David Marquez leads $500,000 Prevention Research Center Special Interests Projects grant study

David X. Marquez

For more than 15 years, kinesiology professor David X. Marquez has conducted research on the effectiveness of regular physical activity in maintaining health and cognitive function for older adults, particularly Latines.

Marquez has found that older Latines are less likely to pursue leisure-time physical activities than older non-Latine whites. Walking and dancing are the physical activities older Latines say they enjoy most, but they are often discouraged from walking by the weather and the urban environment.

To promote physical activities among older Latines, Marquez co-developed a Spanish-language program with Miguel Mendez, BAILAMOS (Balance and Activity In Latinos, Addressing Mobility in Older Adults), that uses Latin dance as a way to be active.

“Dancing is a highly relevant cultural activity that many Latinos have done in their lives, whether it’s family parties or going clubbing back in the day,” said Marquez, director of the Exercise Psychology Laboratory. But, “for many older Latinos, it’s just not available now for the most part.”

In an earlier study, Marquez found that participants who attended Latin dance classes conducted through BAILAMOS showed improvements in mobility, quality of life, enjoyment of physical activity and cognition.

Now, in new research funded by a two-year, $500,000 grant from the National Center for Chronic Disease Prevention & Health Promotion, Marquez will study the effectiveness of BAILAMOS and another program, Fit and Strong!, in improving memory and cognition for Latines age 65 and older.

Fit and Strong!, a nearly 20-year exercise program developed by public health professor Susan Hughes, has already proven effective in improving mobility for older adults with arthritis.

The new study, which will compare the two programs, is aimed at older Latines who report memory or cognition concerns—mild cognitive impairment—but not dementia.

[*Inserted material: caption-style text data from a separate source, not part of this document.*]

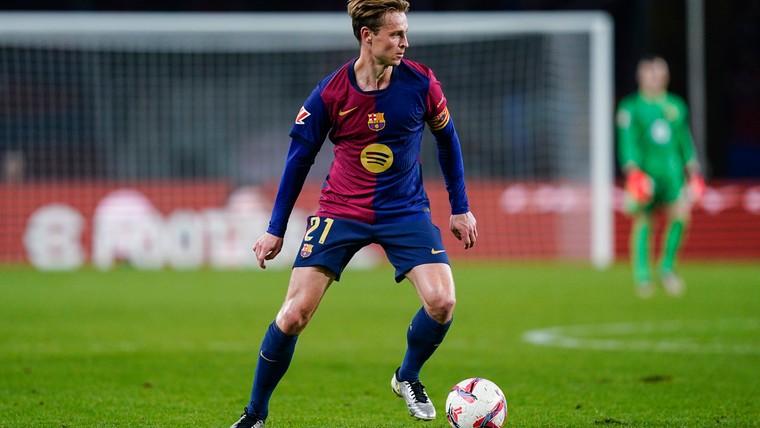 De Jong na blessure in eerste helft gewisseld bij Barcelona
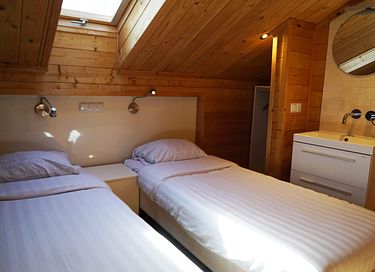Houten blokhut (10p) op leuk vakantiepark - 6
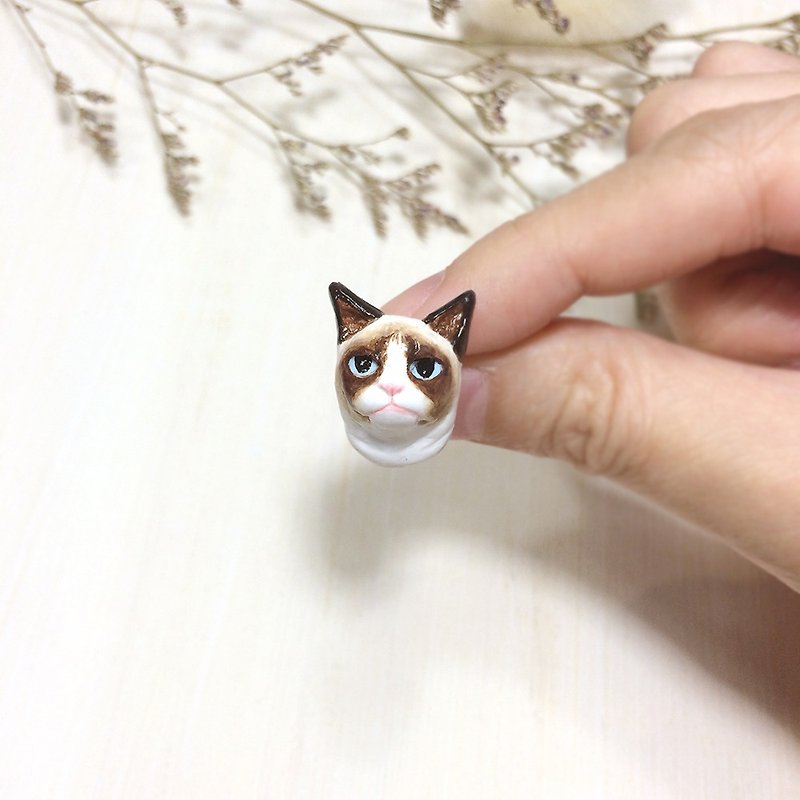 Grumpy Cat Brooch, Cat pin, cat sculpture, cat lover gifts - 胸针 - 粘土 咖啡色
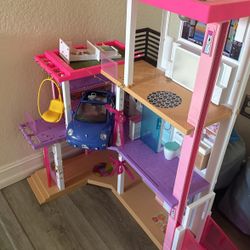 Barbie Dream House 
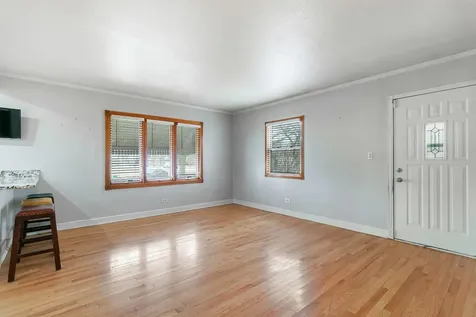 4539 Clyde Avenue Lyons IL 60534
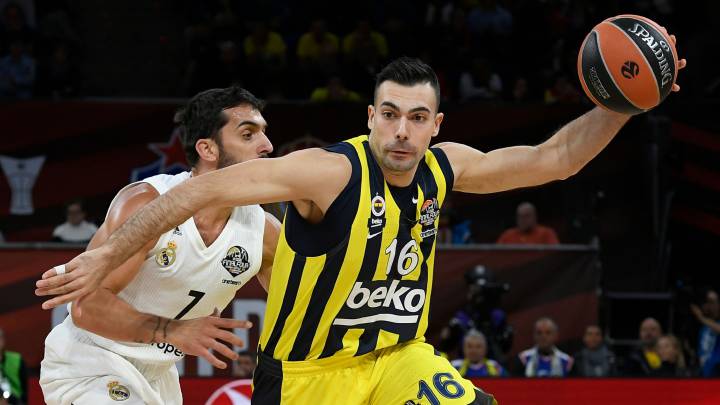 Sloukas supera su lesión y se incorpora a la selección griega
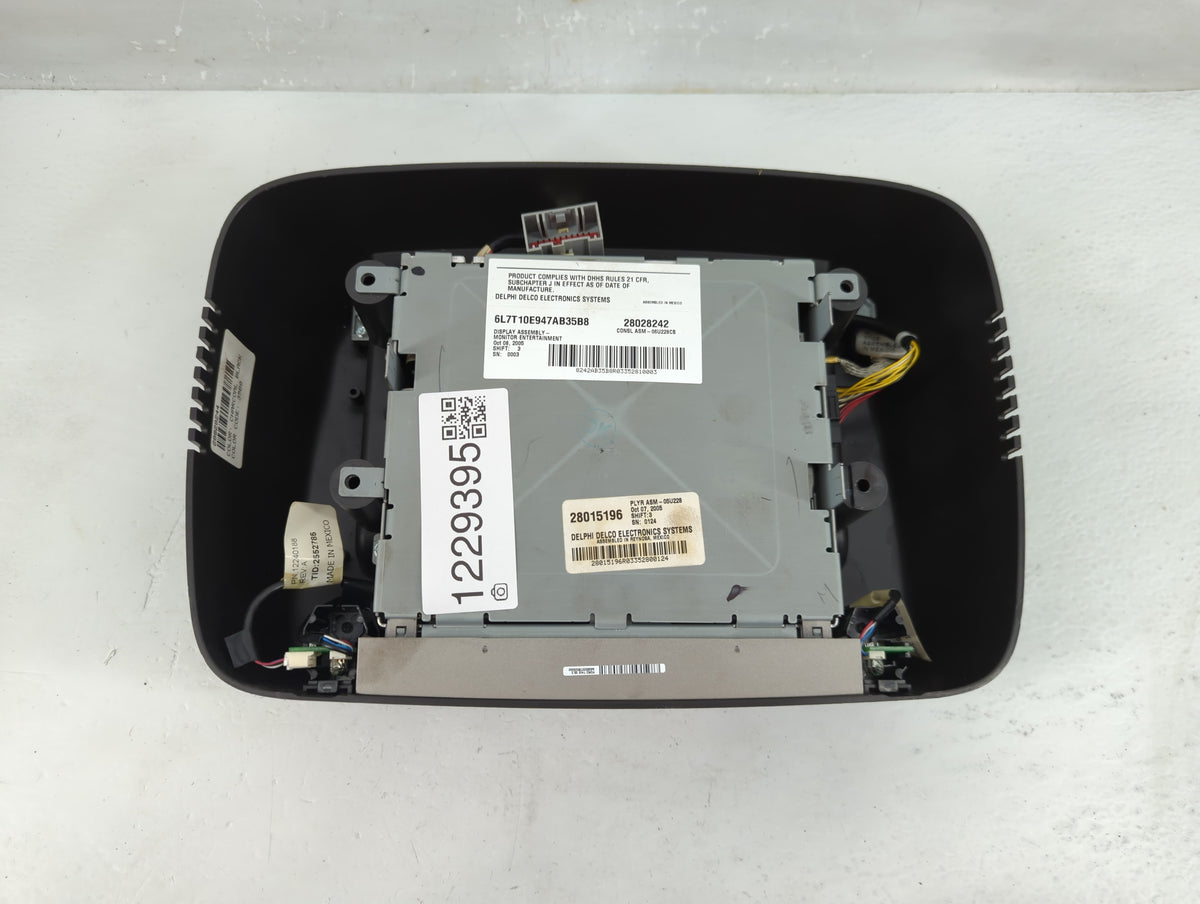 2006 Lincoln Navigator Information Radio Display Screen 1229395 - Oemusedautoparts1.com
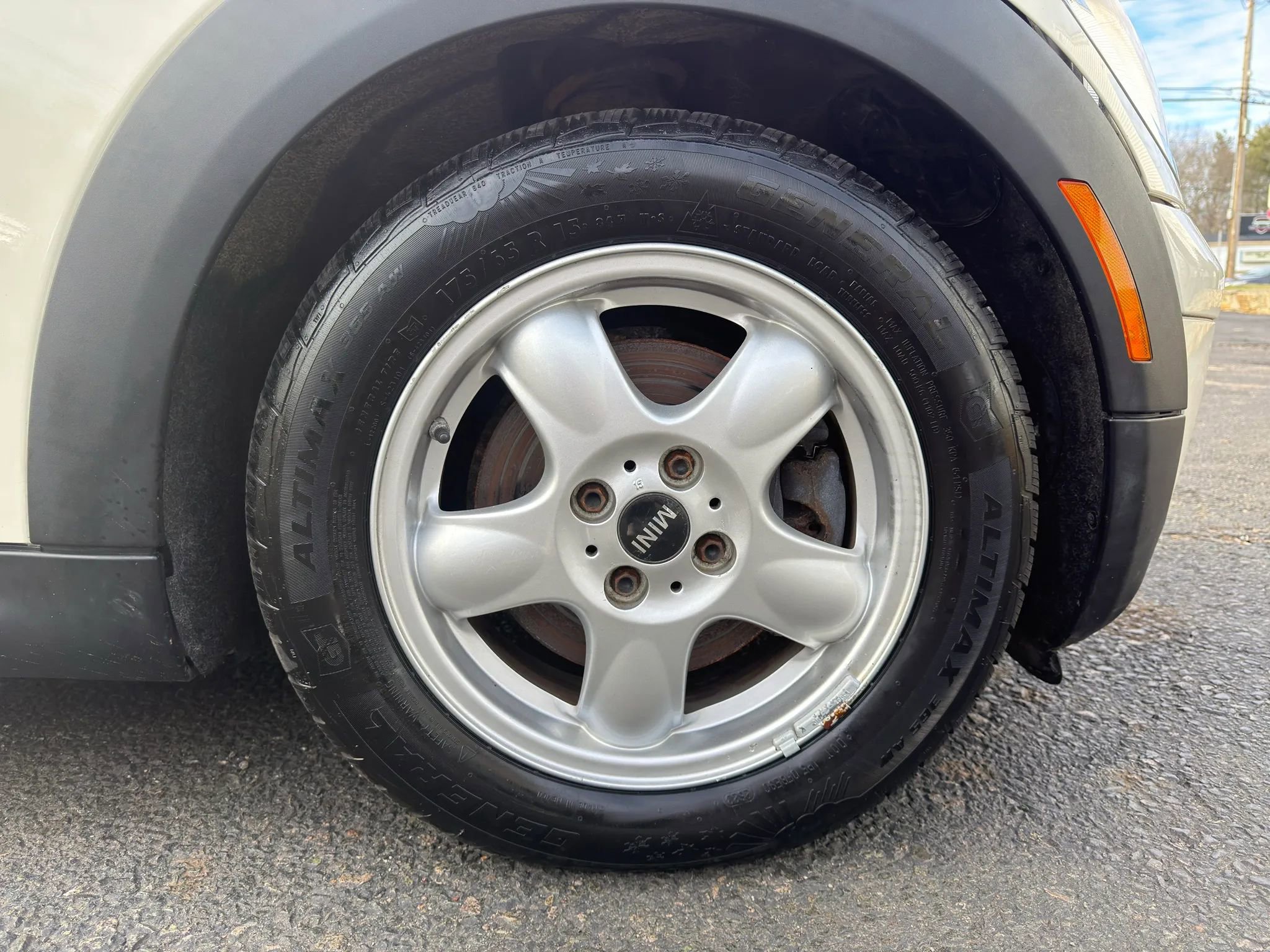 Used 2010 MINI Cooper Hardtop image 9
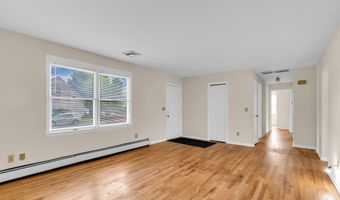 35 Spruce St, Beachwood, NJ 08722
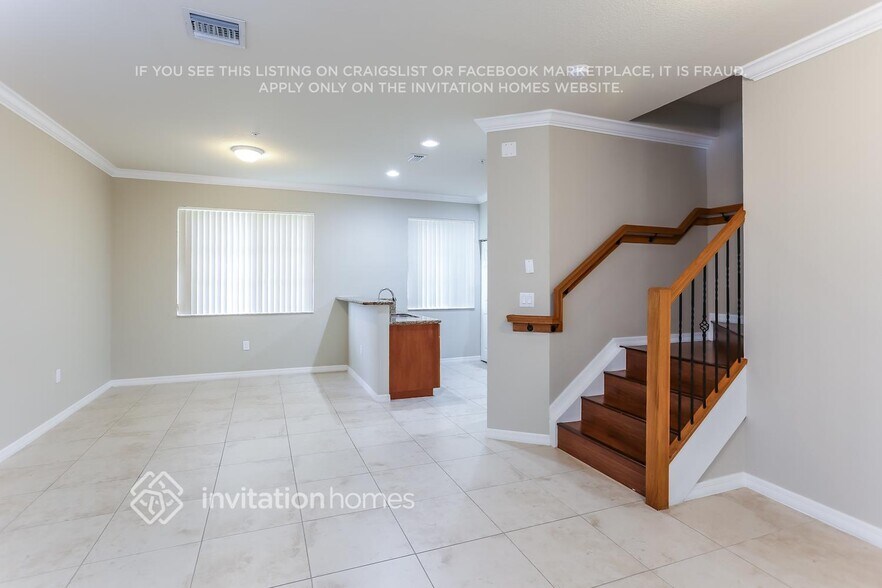 Building Photo - 12600 SW 50th Ct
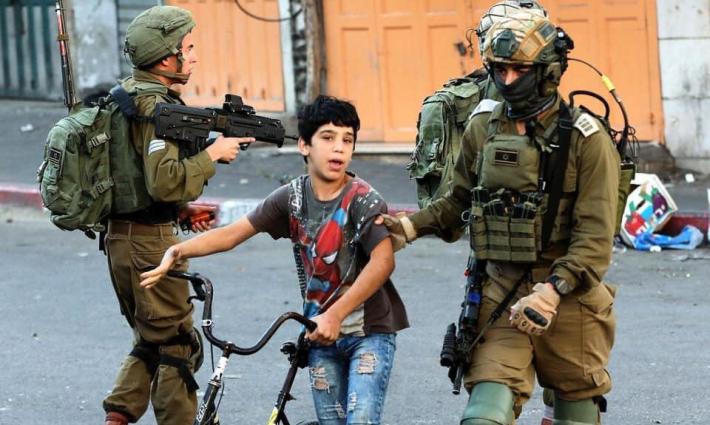 دبلن.. وقفة احتجاجية ضد الانتهاكات الإسرائيلية بحق الأطفال الفلسطينيين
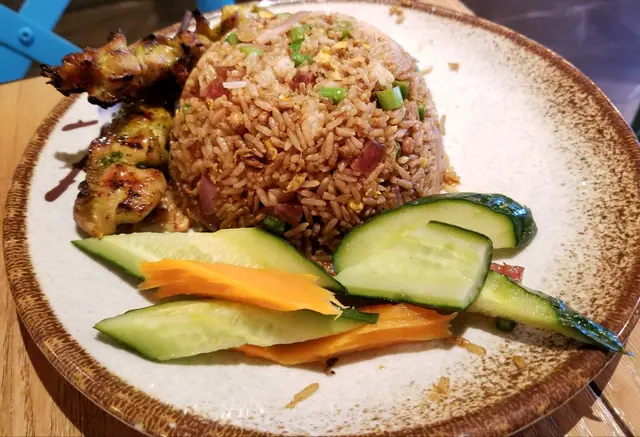 串燒雞柳泰炒飯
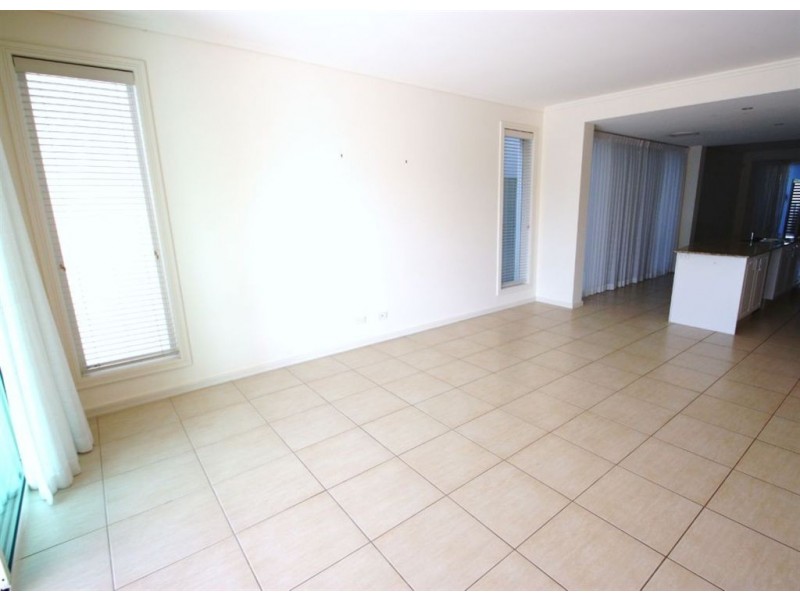 Coomera Waters QLD 4209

Latines have a greater risk of developing chronic conditions such as cardiovascular disease that also put them at greater risk for Alzheimer’s Disease and related dementias, explained Marquez, visiting associate professor at the Rush University Alzheimer’s Disease Center.

“We want to learn if these two programs can positively influence cognitive function.”

BAILAMOS is led by a professional dance instructor; a certified exercise instructor leads Fit and Strong! The study will include 100 participants. Each program will be offered virtually, with the live sessions recorded for on-demand viewing.

Another goal for the study is to determine the feasibility of online programs for this population group.

“Hopefully we can have greater reach and greater adherence to the program, because it will be available to people almost no matter where they are,” Marquez said.

Participants will be provided tablets if needed. Besides the challenge of connecting with the technology, however, there’s the challenge of finding the most effective ways to connect online on a personal level.

“We need to figure out group cohesion, ways for participants to get to know each other up front, to find different ways to reach people,” Marquez said.

Funding for the study comes from the Dementia Risk Reduction Research Network, administered under the UIC Policy Practice and Prevention Research Center.